How much would you trust Rupert Murdoch and News Corporation? Based on News Corporation’s attempt to emulate Wikileaks with its own anonymous leaks site, the answer is not at all.
The site has turned into a debacle mere hours after launch, with crippling holes in its cyber security being uncovered.
Yesterday, The Wall Street Journal launched its own attempt at an anonymous dropbox for leaks, and showed either a splendid sense of irony or a complete lack of one by editorializing at the same time calling for consideration of the prosecution of Julian Assange.
A number of mainstream media outlets have announced they are attempting to establish Wikileaks-like anonymous servers for whistleblowers to dump information with full anonymity, in addition to the spread of copycat online sites like Openleaks (as Wikileaks itself had drawn strongly on the tradition of whistleblower sites like Cryptome). Al Jazeera already has one up and running; both The New York Times and The Guardian, which have turned into venomous opponents of Julian Assange, declared they would be establishing copycat systems. But it appeared News Corporation had beaten them to it with its “Safehouse” site.
But within hours, cyber-security experts had forensically demolished News Corp’s claims for the site. Net activist and Tor developer Jacob Appelbaum led the charge, tweeting flaw after flaw in the Wall Street Journal’s IT security measures, including that the system may allow a third party to intercept someone when they move from the unencrypted frontpage of the site to the encrypted section that uses Secure Socket Layer (SSL) encryption.
An Australian IT industry professional outlined the major flaws to Crikey, saying “I found some of the SSL issues myself within 5 minutes of waking up this morning, using off the shelf web browser tools and sensible, safe, mobile web browser settings.” Flaws include that the WSJ’s SSL certificate – used to authenticate encrypted communications – isn’t strict enough, meaning Google’s Chrome browser can’t work in Incognito mode, that it requires Flash to upload files when Flash is insecure and can leave hidden cookies, and key anonymisation tools like Tor simply aren’t working on the site (Appelbaum tweeted the result of trying to use Tor).
In short, the site doesn’t contain the most basic protections against third parties intercepting information about submitters, or against the process leaving an electronic trail on the PCs of submitters they may not be aware of. In its rush to set the site up, WSJ failed to address basic security questions that could make a huge difference to whether the whistleblowers it is calling for remain protected or not.
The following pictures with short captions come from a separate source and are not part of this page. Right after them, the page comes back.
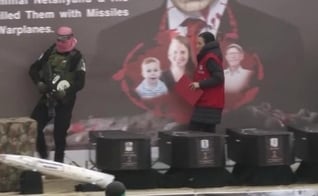 Hamas monta palco para a entrega dos corpos dos reféns à Cruz Vermelha, em Khan Younis. (Captura de tela/The Australian)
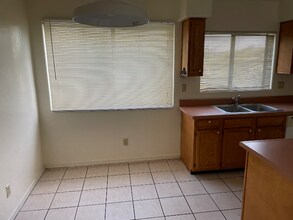 2536 N Corinthian Garden Dr in Nogales, AZ - Foto de edificio - Building Photo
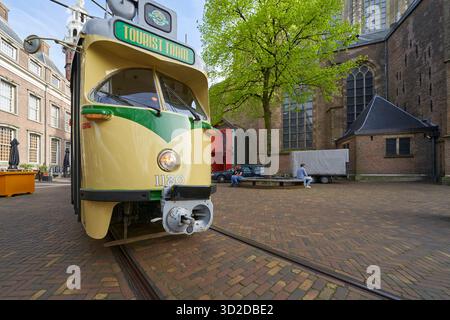 Hop-on-Hop-off-Touristenbahn im Zentrum von den Haag, Niederlande Stockfoto
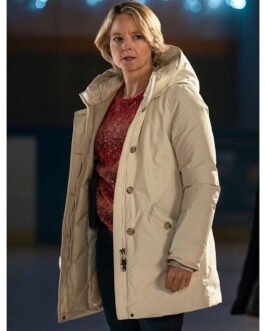True Detective S04 Jodie Foster White Jacket
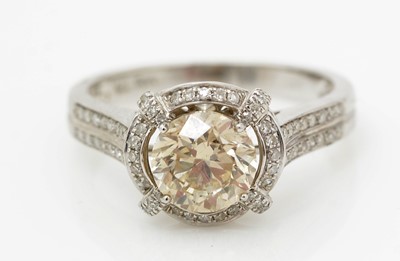 Lot 511 - A diamond cluster ring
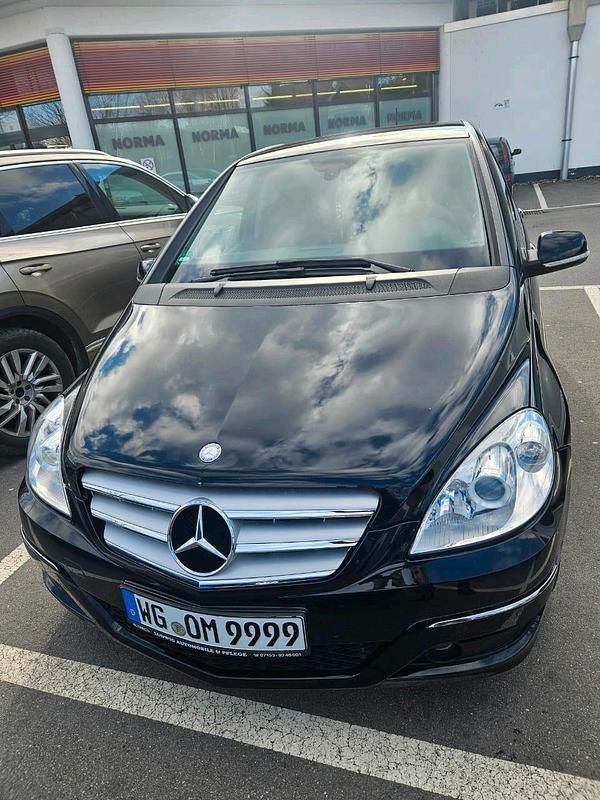 Gebraucht Mercedes B200 136 PS (100 kW) 2011 Schwarz Van / Kleinbus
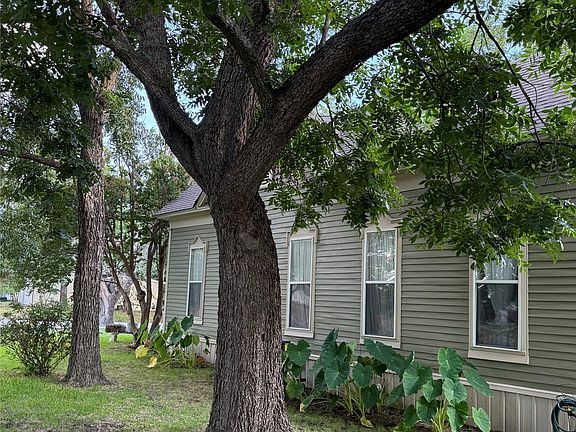 4th image of 300 NW 3rd St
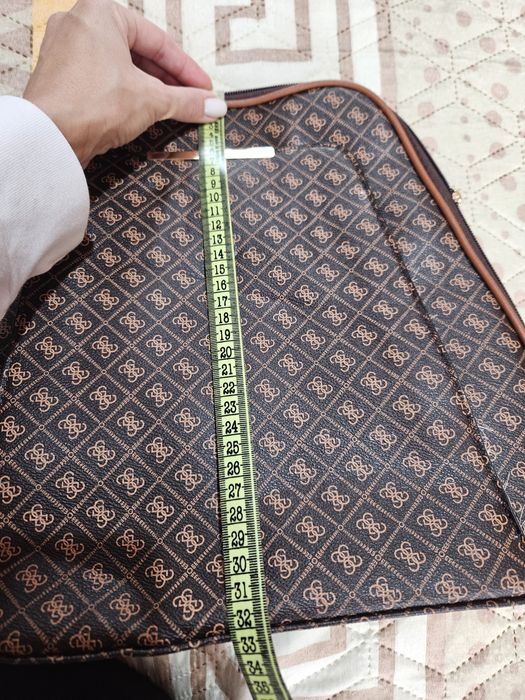 Дамска кожена раничка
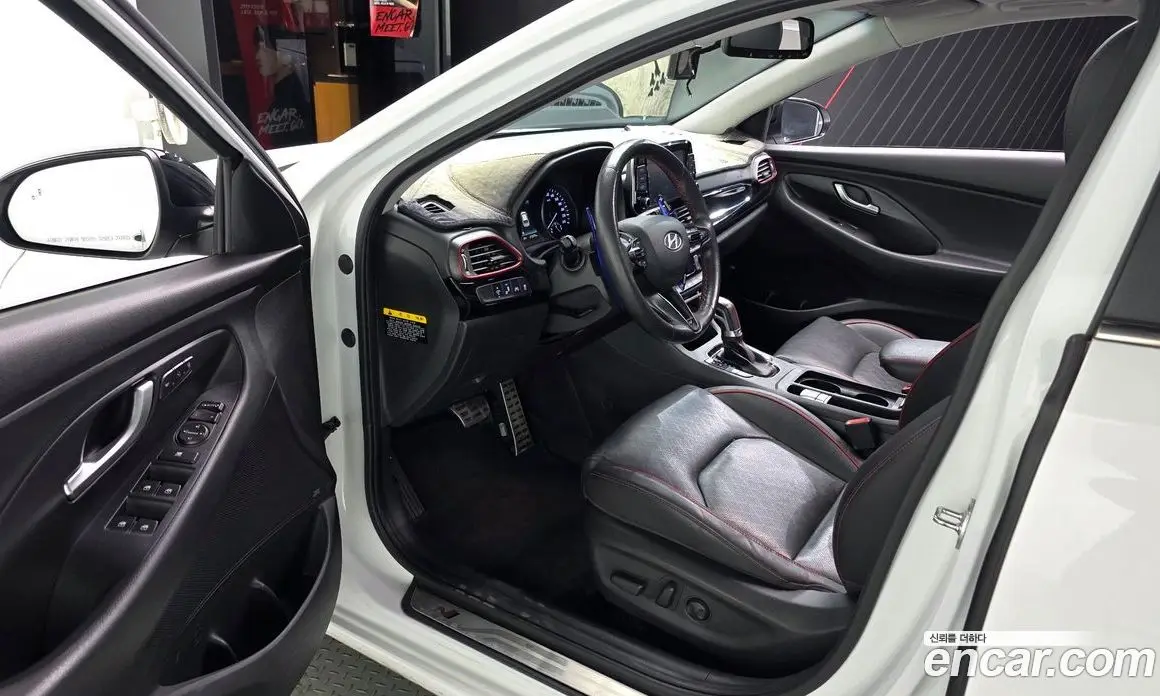 Hyundai i30 2017 1.6 автомат (гидро), фото 10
However, the real problem of Safehouse has nothing to do with its IT security. The biggest problem is wholly intentional. The site’s Terms and Conditions state
Except when we have a separately negotiated confidentiality agreement pursuant to the “Request Confidentiality” Section above, we reserve the right to disclose any information about you to law enforcement authorities or to a requesting third party, without notice, in order to comply with any applicable laws and/or requests under legal process, to operate our systems properly, to protect the property or rights of Dow Jones or any affiliated companies, and to safeguard the interests of others.
In short, submit material to News Corporation at your own risk, because they may shop you to the Feds, or to another company angered at your whistleblowing, without even telling you, and they don’t even need to be legally compelled to do so – they might just do it to “operate their systems properly” or “safeguard the interests of others”.
It’s an original approach – WSJ is offering the only whistleblower site in the world that promises they’ll dob you in just because they feel like it.
Rather like the Myspace disaster, it smacks of News Corp desperate to show off its digital media credentials without seemingly having the faintest clue about what it is actually doing.
This article initial described Jacob Applebaum as a “Tor founder”; he is in fact a Tor maintainer and developer.